Segment Start: INPUT DATA

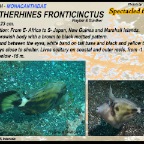 Catherhines fronticinctus - Spectacled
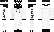 HamidTHEII Minecraft Skin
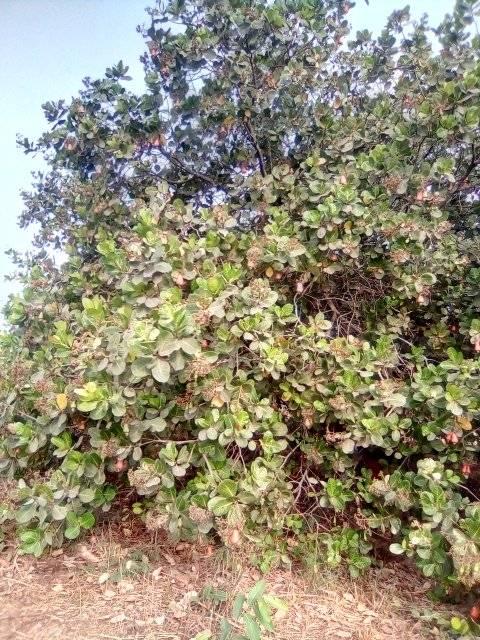 FOKAT FARMS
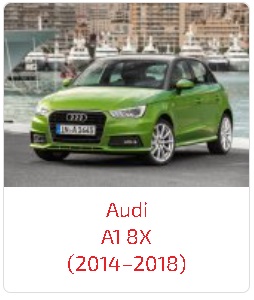 Арки A1 8X (2014–2018)
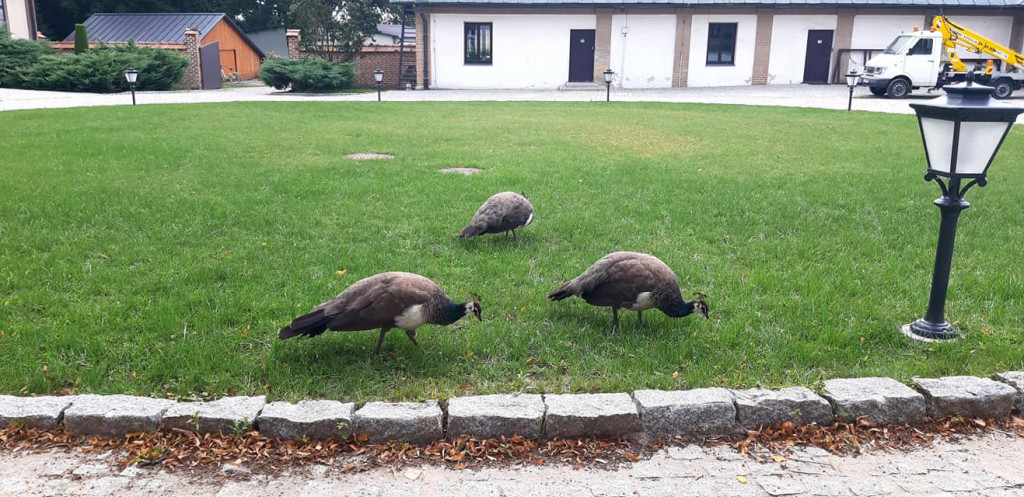 Sierpniowe wycieczki Radzyńskiej Grupy Rowerowej
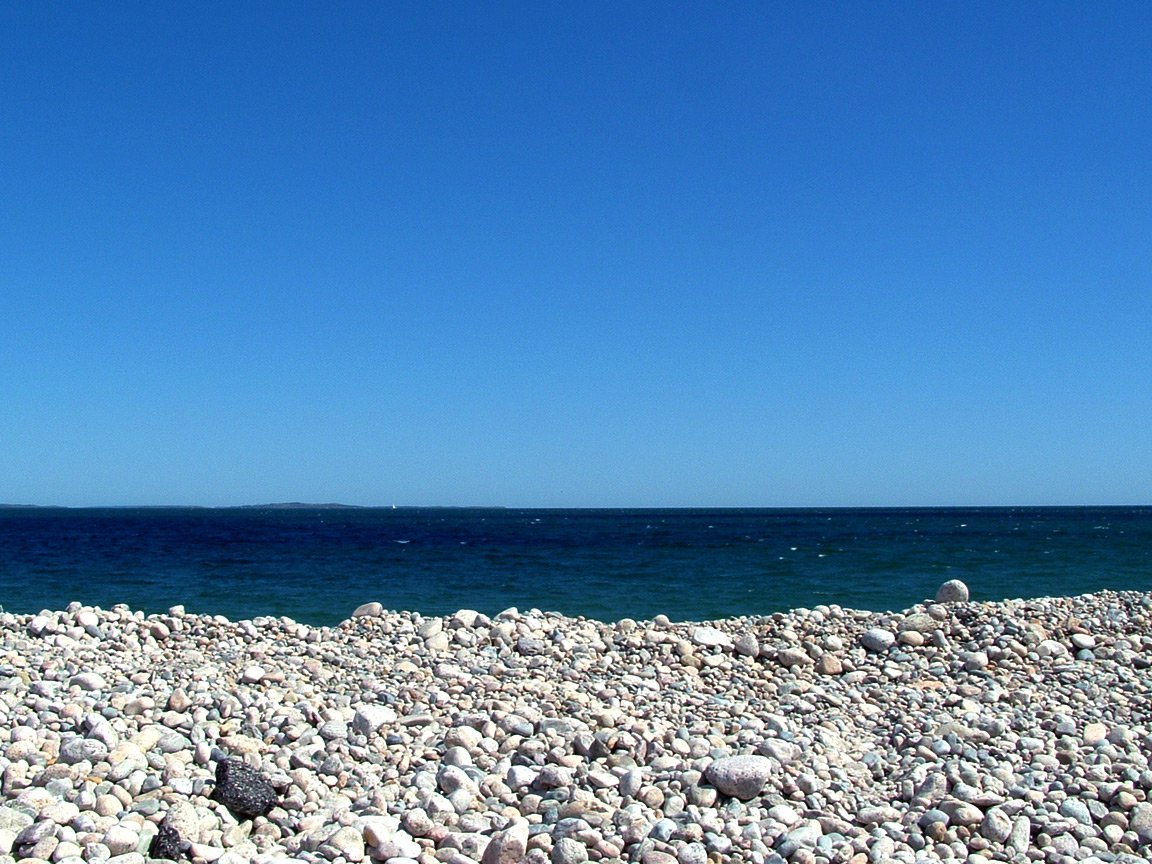 a large amount of rocks are on the beach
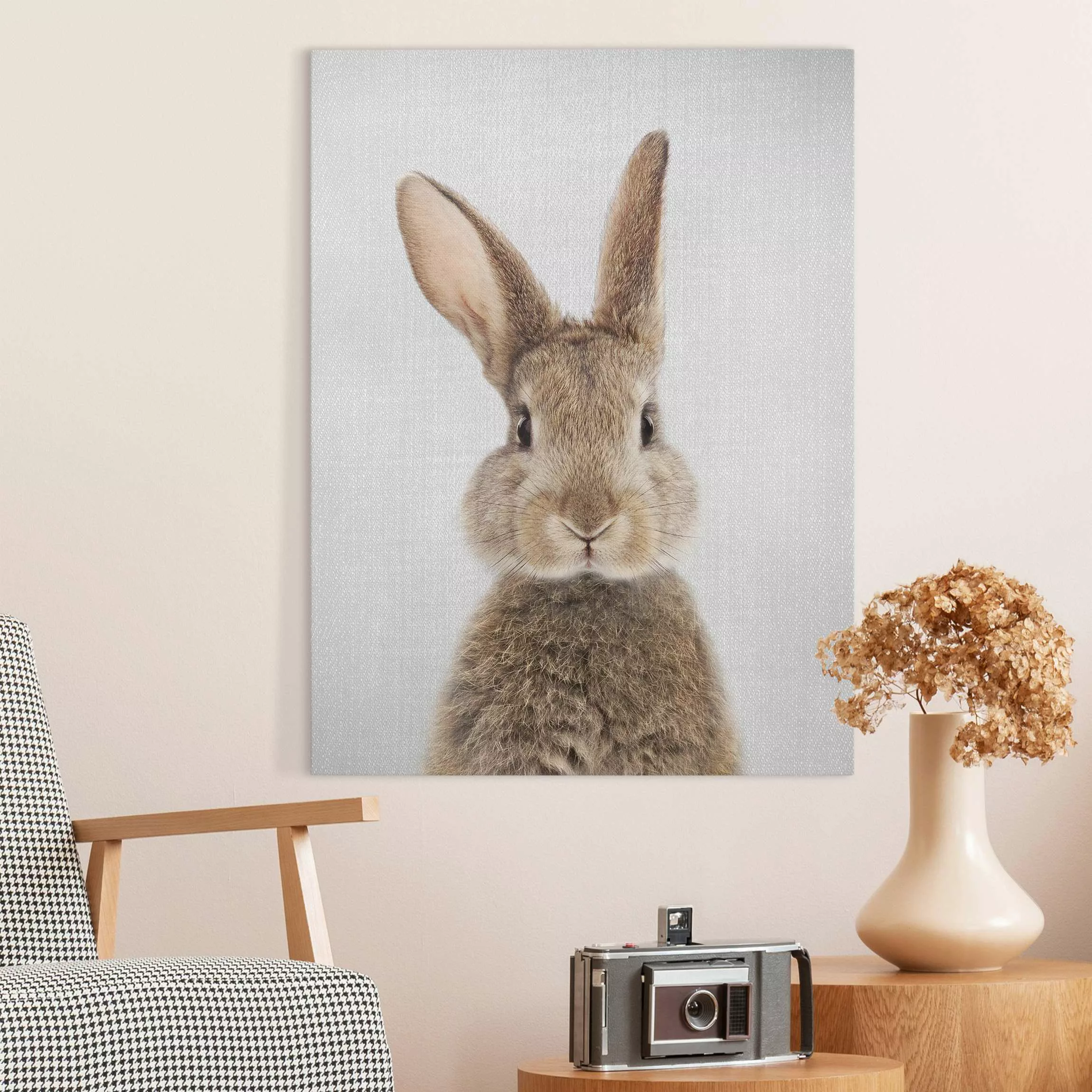 Leinwandbild Hase Hilbert günstig online kaufen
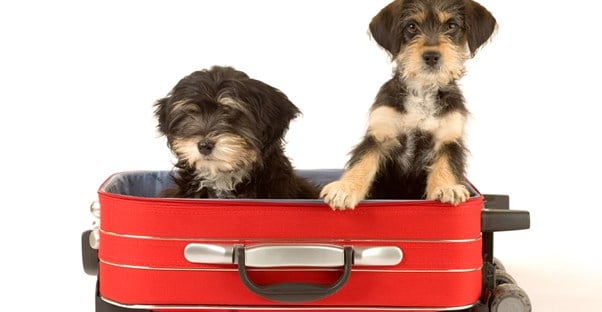 two dogs are ready travel as they sit in a suitcase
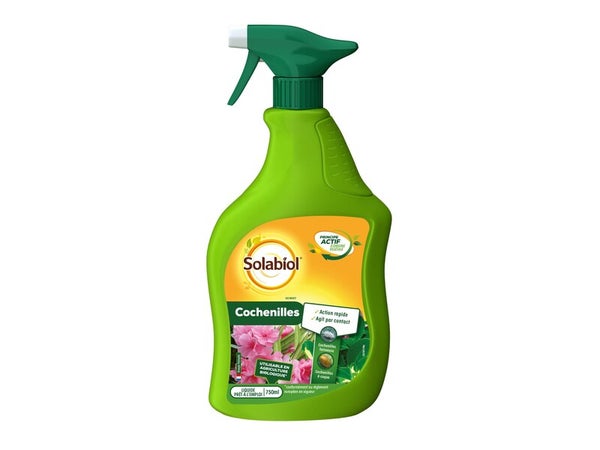 Traitement insectes pucerons SOLABIOL, pour arbres, arbustes, rosiers 750ML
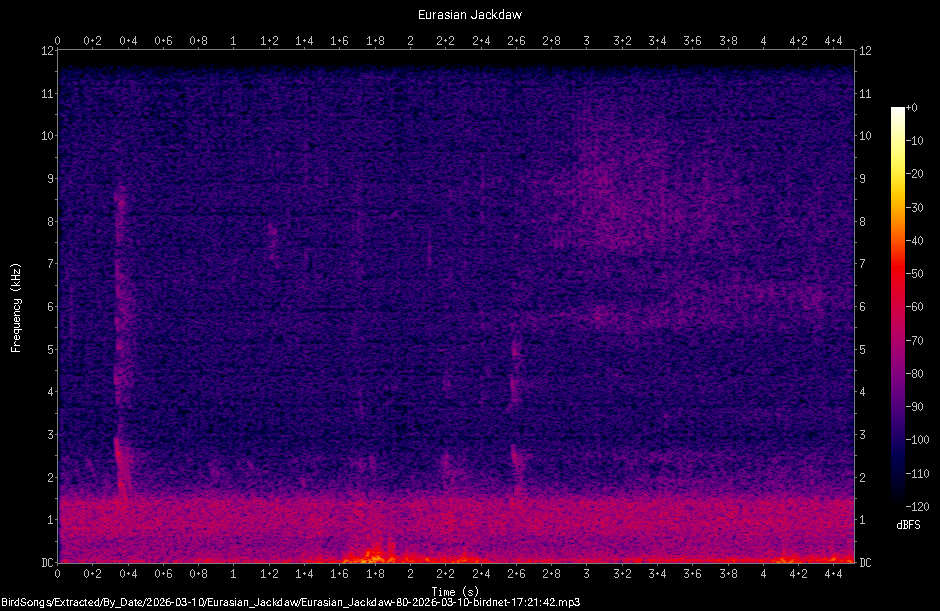 Spectrogram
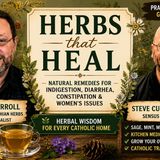 Show 299: Herbs that Heal: Indigestion, Diarrhea, & Gut Issues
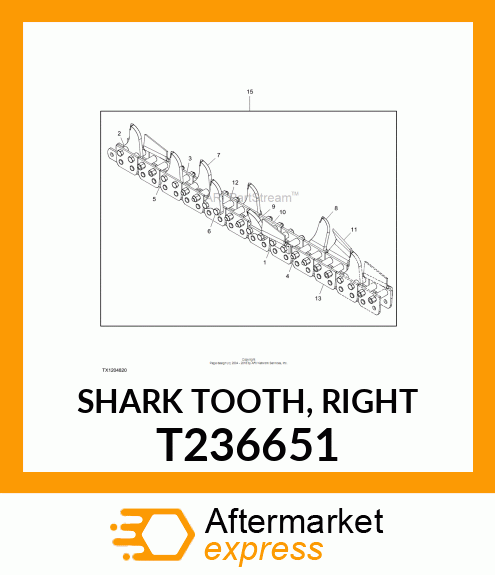 SHARK TOOTH, RIGHT T236651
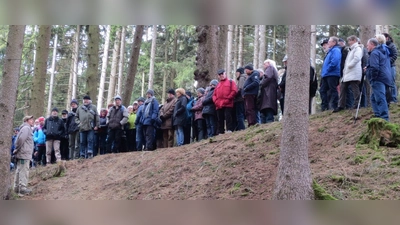 An einem wahrhaft historischen Ort erfuhren die Exkursionsteilnehmer viel über die Wallanlagen von Auerbach. (Foto: privat)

Segment End: INPUT DATA

TASK ITEM: Leaving out the pictures, restate the listing above exactly.

ANSWER TO THIS PROBLEM:
 Catherhines fronticinctus - Spectacled
 HamidTHEII Minecraft Skin
 FOKAT FARMS
 Арки A1 8X (2014–2018)
 Sierpniowe wycieczki Radzyńskiej Grupy Rowerowej
 a large amount of rocks are on the beach
 Leinwandbild Hase Hilbert günstig online kaufen
 two dogs are ready travel as they sit in a suitcase
 Traitement insectes pucerons SOLABIOL, pour arbres, arbustes, rosiers 750ML
 Spectrogram
 Show 299: Herbs that Heal: Indigestion, Diarrhea, & Gut Issues
 SHARK TOOTH, RIGHT T236651
 An einem wahrhaft historischen Ort erfuhren die Exkursionsteilnehmer viel über die Wallanlagen von Auerbach. (Foto: privat)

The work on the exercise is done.